At the time, I was young and saw, but didn’t really feel, the tragedy. Today, I see a tragic pattern, understand and feel too well why my neighbor left us.
Envision, if you will, a young suburb. In the days before we coined the term ex-urb, freshly paved streets and newly minted split levels spilled onto too-small century-old roads. General stores and local suppliers doing better than ever because the new retail infrastructure that would bankrupt them is still in the future. Schools still smelling of fresh paint and floor wax. All the new residents with jobs, families and loyalties somewhere else. Neighbors were nice to have, nice to talk about, but there really wasn‘t a lot of unscheduled time for another unaffiliated loyalty to evolve.
Anna and Arne were young, bright, former residents of a university neighborhood. They arrived with three preschoolers and one more on the way. Every morning the renowned, published PhD mathematician would mount his bike and peddle the hour-plus or so back to campus. His neighborhood compatriots drove to their daily city lives, taking as long in their cars as he did on his bike. Every morning she’d gather up the kids, laundry and assorted pets to play mom. All day. Alone. Her neighborhood peers had older kids and busied themselves in parent-teacher groups and assorted school and church auxiliaries. Their extended families visited for “a day in the country”.

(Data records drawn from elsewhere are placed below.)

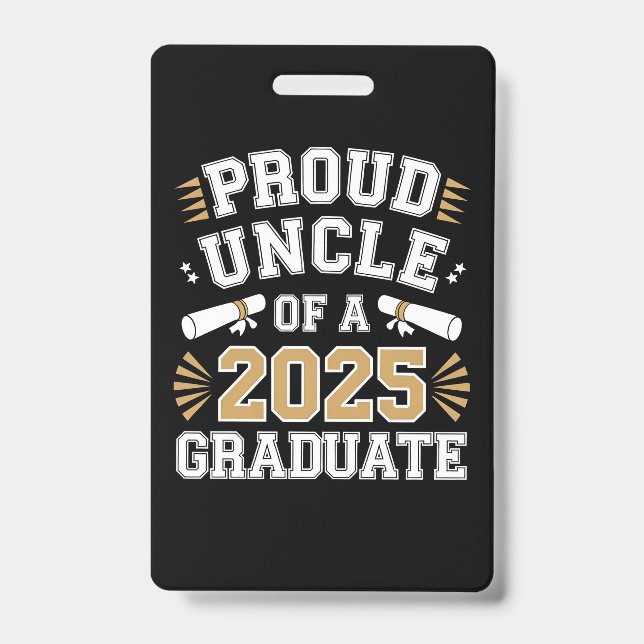 Badge Fier Oncle D'Une Classe De Diplôme De 2025 (Avant)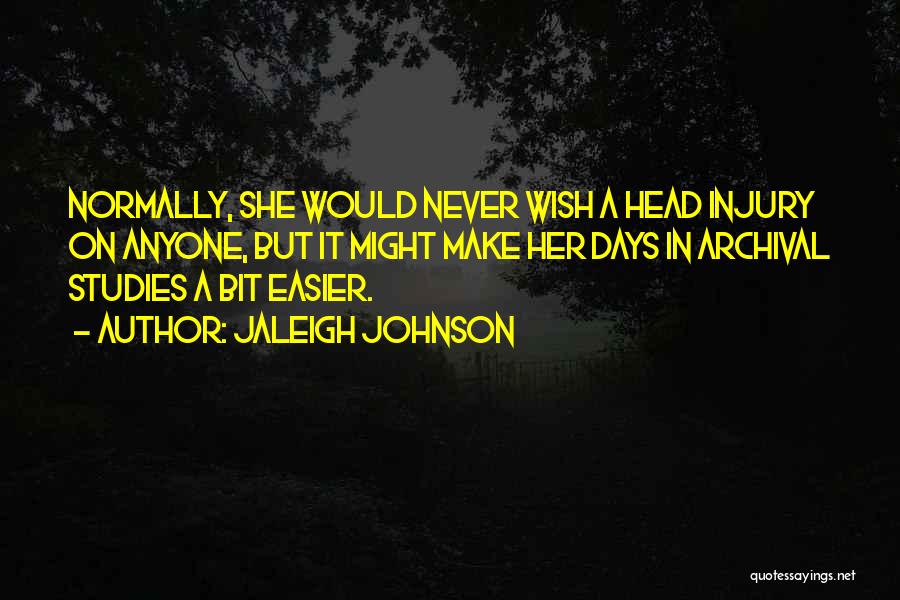 Jaleigh Johnson Quotes: Normally, She Would Never Wish A Head Injury On Anyone, But It Might Make Her Days In Archival Studies A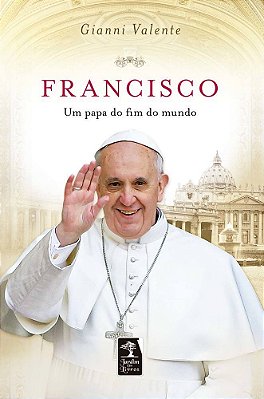 Francisco Um Papa Do Fim Do Mundo..-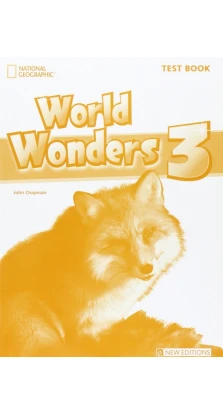 World Wonders 3. Test Book. J. Chapman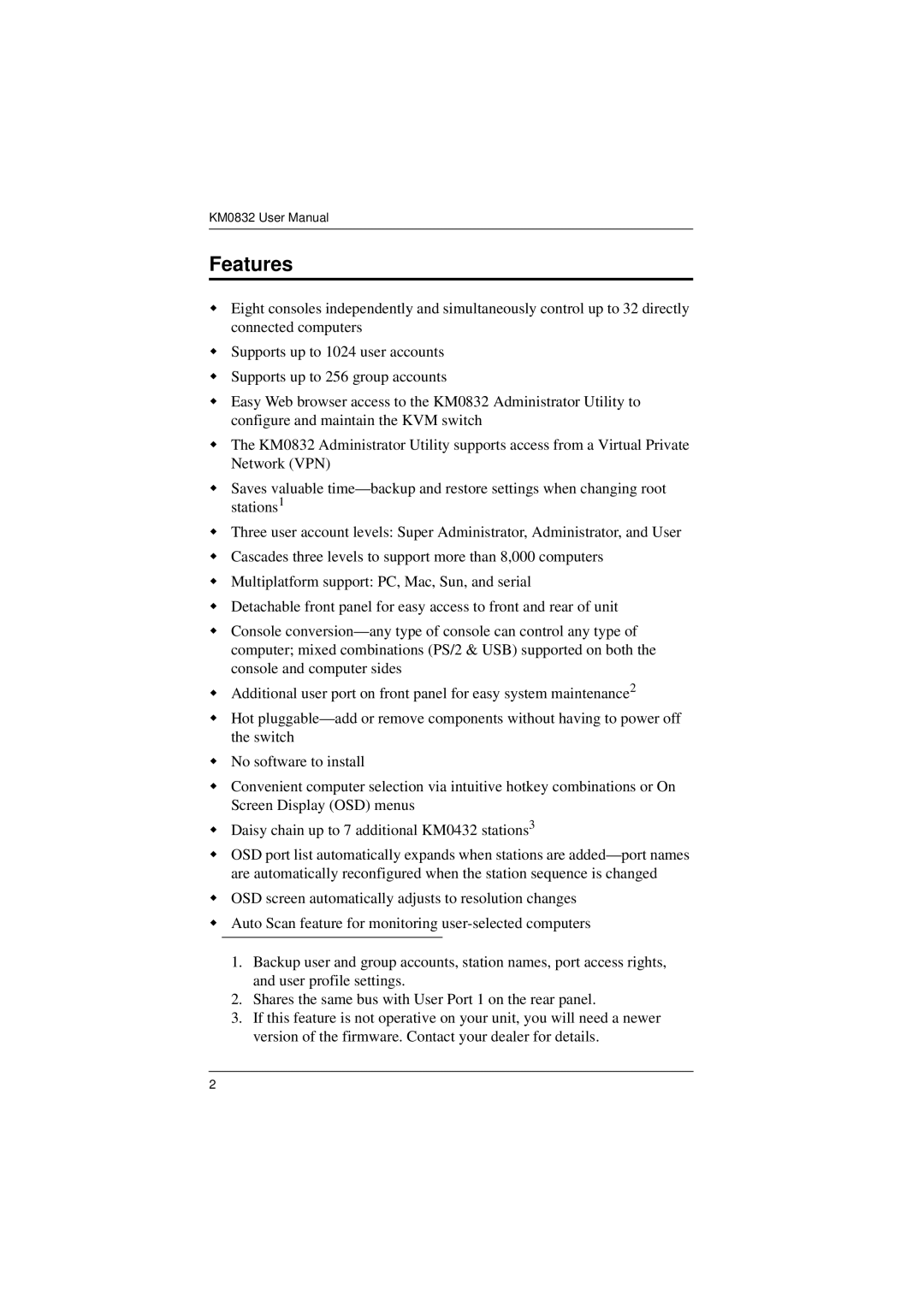 ATEN Technology KM0832 user manual Features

Her extended family? None that we ever knew of until the new baby came. Then a woman we were told was her mother-in-law came to keep house – and keep us neighborhood kids quiet – for a few weeks. After that, nothing changed. At least for us.
Occasionally our play would take us through her yard – chases, races, lost balls and so forth. It was the only unfenced, un-hedged yard on the street. She was always smiling and laughing, always helpful. Every now and then she’d invite us in for cookies or lemonade. Later that evening our parents would grill us about the house they’d never been to – the color of the walls, the design of the furniture – raising their eyebrows when [at their prompting] we reported on dishes in the sink, pans on the stove and clothes hung on doors, chairs, unused vacuum cleaner and floors. “And they don’t have a television? No wonder she’s so tired all the time. She’s spending her life cooking and reading stories and helping kids make all those ‘things’ that she can’t even keep the house and yard looking presentable.” They raised their eyes and gossiped even more on the rare occasions when Anna and Arne had guests. Guests who’d sit in circles, talking, singing, playing instruments. And building an open fire in a hole in the ground, rather than using a charcoal grill and electric starter.
You know the rest of the story. It’s been the subject of countless books, movies, academic and pseudo-academic studies. But her suicide was real. And alone. As was the rest of her short life as my neighbor.